Task data: Begin
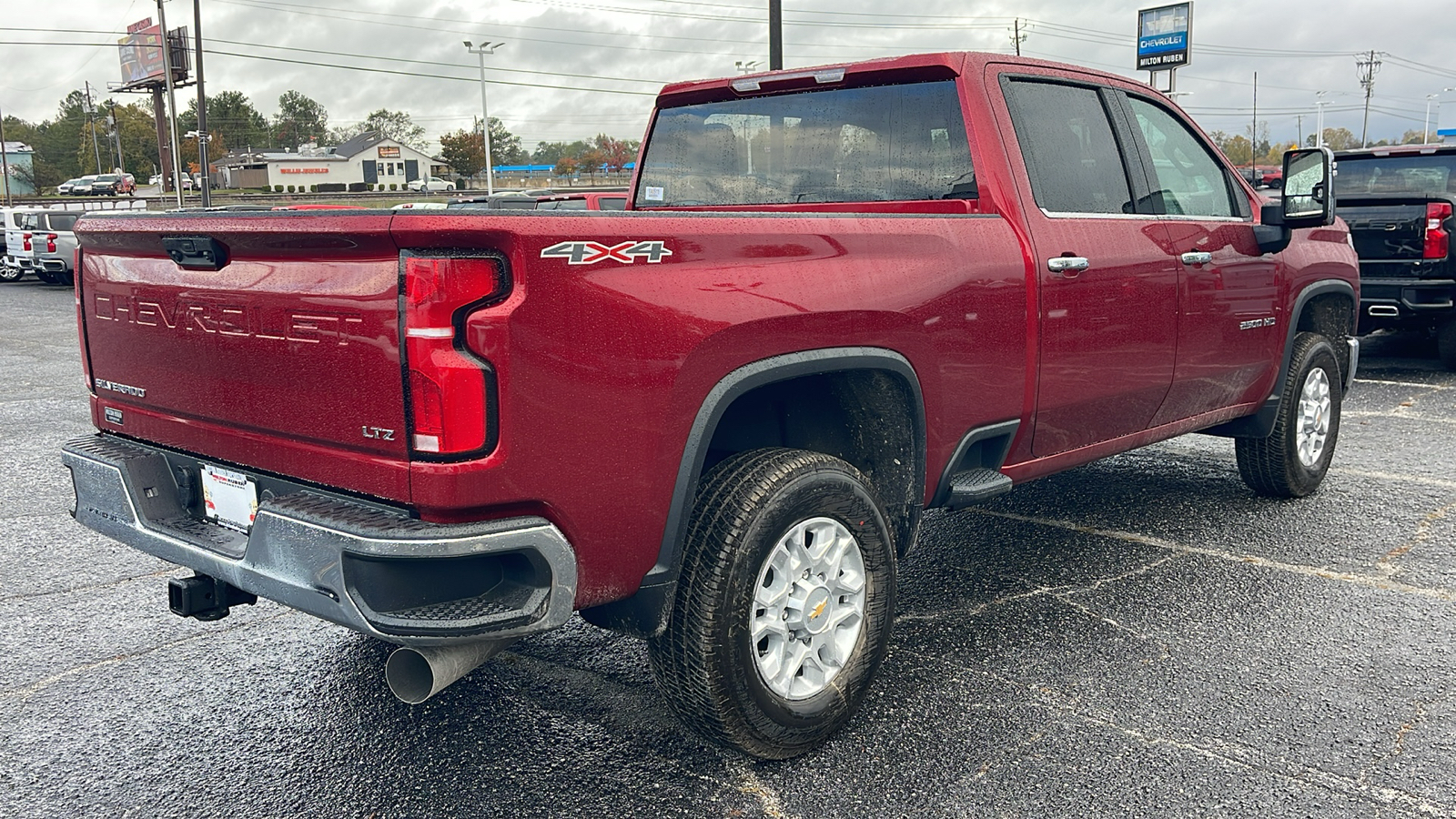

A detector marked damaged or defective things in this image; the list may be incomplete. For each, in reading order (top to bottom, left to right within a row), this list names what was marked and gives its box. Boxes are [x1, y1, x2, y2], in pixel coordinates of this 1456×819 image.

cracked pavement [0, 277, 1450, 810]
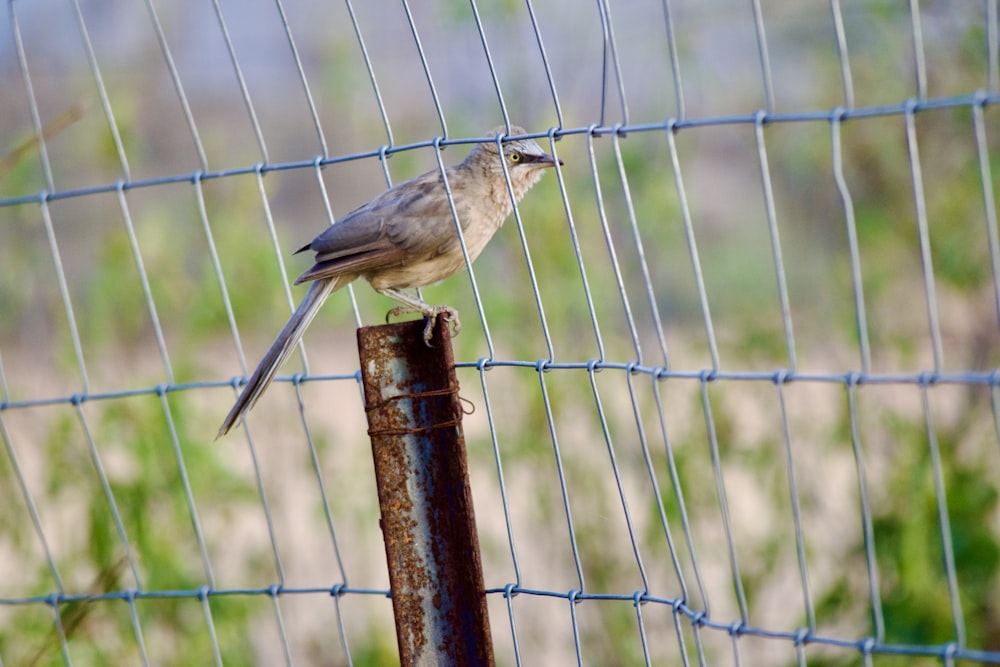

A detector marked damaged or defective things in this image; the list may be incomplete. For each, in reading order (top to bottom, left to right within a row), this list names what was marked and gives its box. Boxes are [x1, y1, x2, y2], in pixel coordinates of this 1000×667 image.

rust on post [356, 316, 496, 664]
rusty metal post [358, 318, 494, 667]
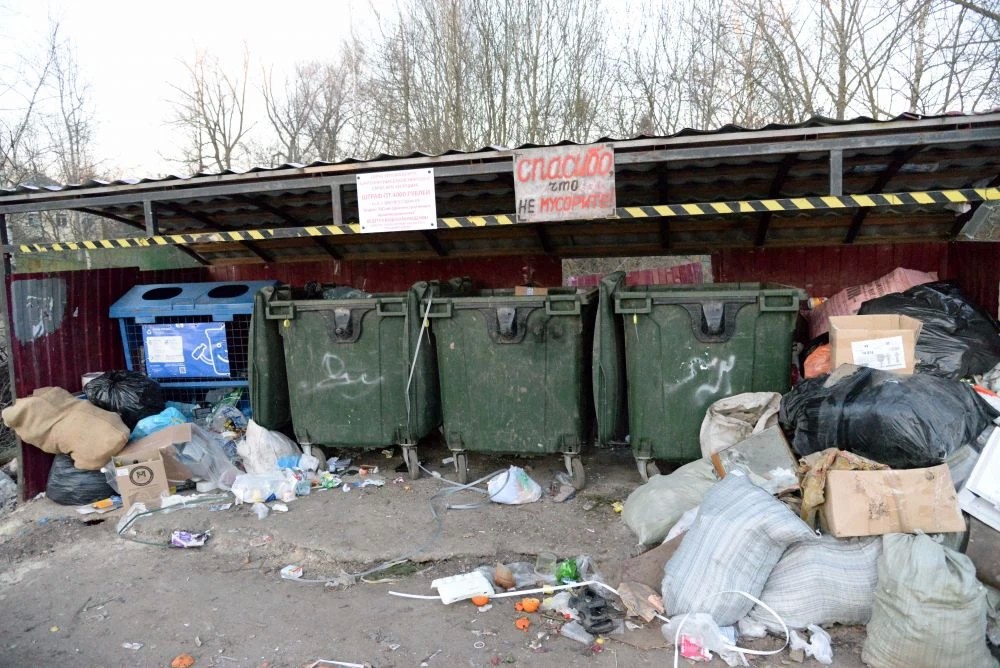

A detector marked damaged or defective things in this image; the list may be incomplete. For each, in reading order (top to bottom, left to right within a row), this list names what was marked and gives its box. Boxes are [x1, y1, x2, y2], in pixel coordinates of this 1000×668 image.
Task data: End
- _What to do_:
Make an exact copy of the lines from the one holding "this 1000×667 image." through the end of the material, both ends included, and keep the pictures out of it.

- _Solution for this exercise_:
A detector marked damaged or defective things in this image; the list may be incomplete. For each, in reading order (top to bottom, left to right within a row), this list names what was marked and gives its box. Boxes are [x1, y1, x2, y2], in pixel coordinates of this 1000×667 image.

rust on post [356, 316, 496, 664]
rusty metal post [358, 318, 494, 667]

A detector marked damaged or defective things in this image; the list may be incomplete. For each, in reading order (top to bottom, left to right within a row), this list names what was marked and gives its box. Boxes are [x1, y1, x2, y2], in pixel coordinates of this 1000×668 image.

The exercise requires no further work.